Adding hidden layers to a deep network does not necessarily lead to a straight-forward improvement of performance. We use Fashion-MNIST dataset in this exercise.  

1. Choose a width $ h $ between 50-200 and use at least two hidden layers with $ h $ hidden neurons (each) and train the network for at least 150 epochs. (2 pts)
2. Plot the learning curves and report the best validation accuracy. Do you observe overfitting? (2 pts)
3. Keep the network at the same size. Use a very large l2 regularization $\lambda$ (for ex. $\lambda=1$) and a small one (for ex. $\lambda=0.001$) on kernel weights and report the validation accuracies. What do you observe?  (2 pts)
4. Turn off the $ \ell_2 $ regularization and use a large dropout rate (for ex. 0.5) and a small one (for ex. 0.05) at all hidden layers and report the validation accuracies. What do you observe? (2 pts)
5. BONUS: Try built-in data augmentation methods as a way to regularize: this may include horizontal flipping of the images or small rotations. You can use built-in methods in Keras. Report the augmentation method you used and the best validation accuracy. (2 pts)

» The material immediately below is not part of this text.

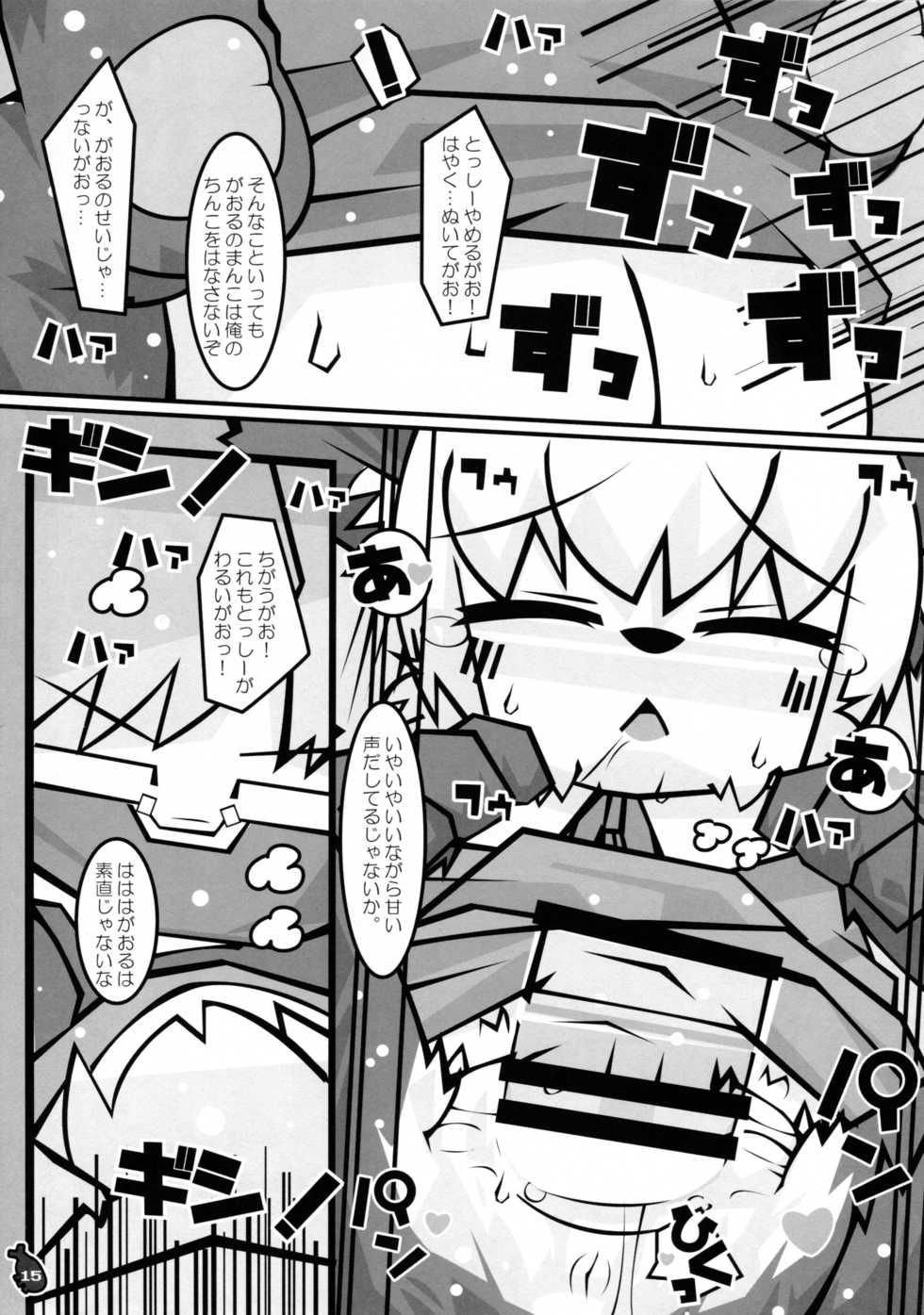 (Futaba Gakuensai 9) [Kabutomushi Holdings (Wasizuu)] Soku henkyaku soku Kaishuu (Futaba Channel) - Page 15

Note that one needs to cross-validate to find the right regularization parameter for the model you chose and for the dataset at hand. However we do not enforce this hyperparameter search as it takes long computation times but it is a good practice if you try it here. 

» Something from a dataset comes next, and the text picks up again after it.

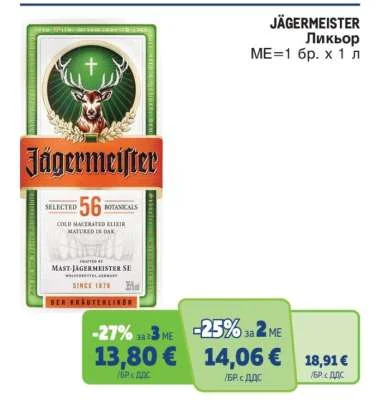 JÄGERMEISTER Ликьор 1 л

6. Compare the validation accuracies resulting from your attempts to reduce overfitting. Did you improve the validation accuracy? If not, comment on the possible sources of failure. (2 pts)

**Answer to Question 2** (max 1 sentence):<br/>
Overfitting can be observed in the training process since the loss is decreasing but the validation loss is increasing and the validation accuracy levels out after 25 epochs although the training accuracy still keeps increasing.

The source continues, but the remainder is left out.